Manchmal wenn die Abkürzung zu knapp gewählt wurde, bleibt man hier auf dem Wittdün-HörnKniep ungewollt ein paar Stunden auf Schiet liegen. Wenn ein Südwest-Sturm aufzieht, ist das hier allerdings kein guter Ankerplatz. Dann muss man einen fest eingegrabenen Anker mit langer Kette ausbringen. Es droht dann über eine hässliche Brandungs-See über das Schiff zu schlagen. Die Brandungs-Welle hebt das Boot hoch und lässt es danach wieder auf den harten Sandgrund auf-stampfen. Alles wird dann NASS, wenn man de boot nicht seefest abgedichtet hat. So erging es JOHANNA 2008 auf dem Sören Jessen Sand vor Fänö; nachts um 300 auf schiet; 3 meilen vor dem Zielhafen Nordby.
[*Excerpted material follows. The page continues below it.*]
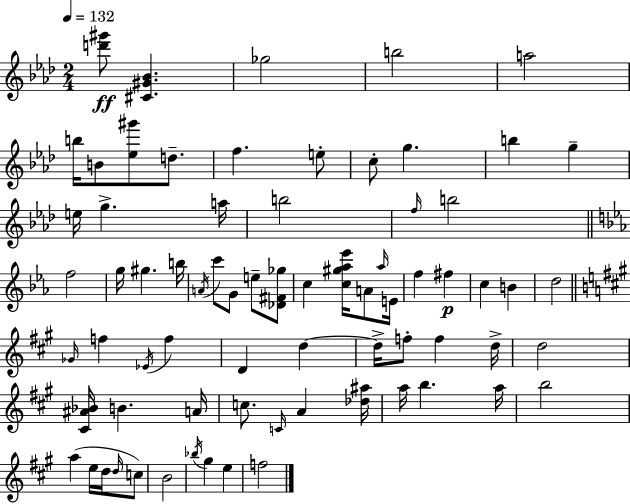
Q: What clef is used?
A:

Unvorsichtigerweise hatte ich ein Cello für ein Konzert in Dänemark unter Deck. Zum Glück kam danach 3 Tage Sonnenwetter.
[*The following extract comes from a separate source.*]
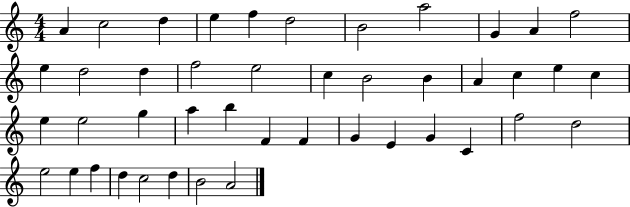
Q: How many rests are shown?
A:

die WATT-SEITE der amrumer Küste
Der alte Wittdüner Naturhafen.
Wenn ich nachts im Dunkeln bei HW anlande, bin ich nach einem langen Ritt über die Nordsee häufig zu müde und faul, noch an Land zu gehen, oder bei unsichtigem Wetter im Hafen fest zu machen. Die Familie an Land d.h. Zuhaus an der Kante hört das Ketten-Gerassel , dreht sich dann beruhigt im Bett um und kann ungestört weiterschlafen.
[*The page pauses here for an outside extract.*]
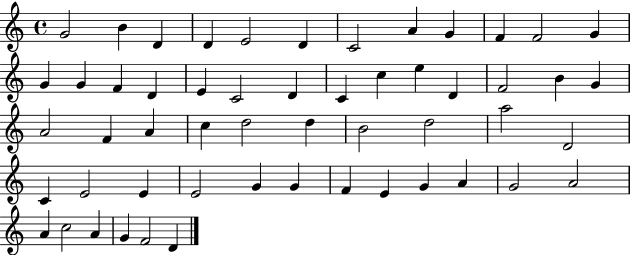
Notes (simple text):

G4/h B4/q D4/q D4/q E4/h D4/q C4/h A4/q G4/q F4/q F4/h G4/q G4/q G4/q F4/q D4/q E4/q C4/h D4/q C4/q C5/q E5/q D4/q F4/h B4/q G4/q A4/h F4/q A4/q C5/q D5/h D5/q B4/h D5/h A5/h D4/h C4/q E4/h E4/q E4/h G4/q G4/q F4/q E4/q G4/q A4/q G4/h A4/h A4/q C5/h A4/q G4/q F4/h D4/q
Wie in alten Zeiten auch bei Osten-Wind ist hier immer noch ein guter Ankerplatz. Man findet hier noch kleine Reste halbwegs kleifreiem Grund. Der Anker hält hier gut. Nach Tidenwechsel guckt man 180 grad verdreht raus. Die Petroleum Lampe ist am nächsten Morgen aus. Heute pöhnen hier die Fischer hier ihr Unterwasserschiff,
wenn das Not tut
1893 Steenodde Anleger, im Hintergrund das junge Wittdün, mit dem Kurhaus auf der Südspitze
Einmal die Woche fuhr ein Postschiffer Wyk-Wittdün, später dann 2-5x pro Woche eine Fähre.Johannes Osswald. Leo, s Urgroßvater war Post-Schipper. Er war einer der ersten Amrumer, die am wittdüner Nordstrand ein Haus gebaut haben. Vermutlich weil er von hier aus den kurzen Weg zu seinem Fahrzeug hatte, und mit Hilfe der starken Tide und wenig Wind problemlos nach Wyk und zurück kommen konnte.
Wittdüner Holzbrücke ca 1910 mit dem festgemachten Bäderdampfer SILVANA
Die Tegel aus Leo s Feder, d.h. auf witjes (natur-krumme Fliesen mit welliger Oberfläche) gebrannt. Früher waren die Brücken im Tidengewässer noch an die Strömungs-richtungen der Priele angepasst. Das meint mit einem schwungvollem Bogen, der den angreifenden , im Sturm übermächtigen Kräften des Tidenstromes standhielt.
TEGEL-Tableau in Arbeit.
Trockenfallen in der Wittdn-Steenodder Bucht war vor dem Brückenzeitalter üblich. Hier ein 2Mast (schoner) Frachtsegler unter dem wittdüner Nordstrand trockengefallen. Die Lasten konnten hier auf festem harten Sand-Watt mit Pferd und Wagen mit Hilfe der Dirk als Kran-Baum (holländisch deswegen als Kranleine bezeichnet) an Land kommen. Heute ist dieser alte Natur-"hafen" zunehmend mit einer Klei-Schicht bedeckt. Man findet hier bei Niedrigwasser noch alte mit seepocken überwachsene barfussfeindliche Steinhaufen-Reste, möglicherweise Backstein-Bruch. Der Schoner auf dem Fliesen-Tableau wurde vermutlich in Cuxhafen auf der MÜTZFELDT-WERFT (ab 28. juli 1802 bis heute in Arbeit) gebaut, die auch als Helgoland-Versorger dienten.
Tegel-Arbei Fortschnitt, man erkennt schon mehrere trockengefallene Fracht segler
Ebbe und Flut , d.h. die Tide ist und war früher noch viel Wichtiger füf die Wattenmeer Inseln, in der Zeit, da es noch die weissen Segel, richtiger der unsichtbare Wind war, die das Schiff vorwärts brachten und der die Mobilität der Menschen , ihre Beweglichkeit und ihre Sinne bestimmte.
Das Namensbrett von Leo s Haus stammt von Saskia Rüth. Die Eiche hat Hans Rickleffs aus Stennodde für sie ausgesucht.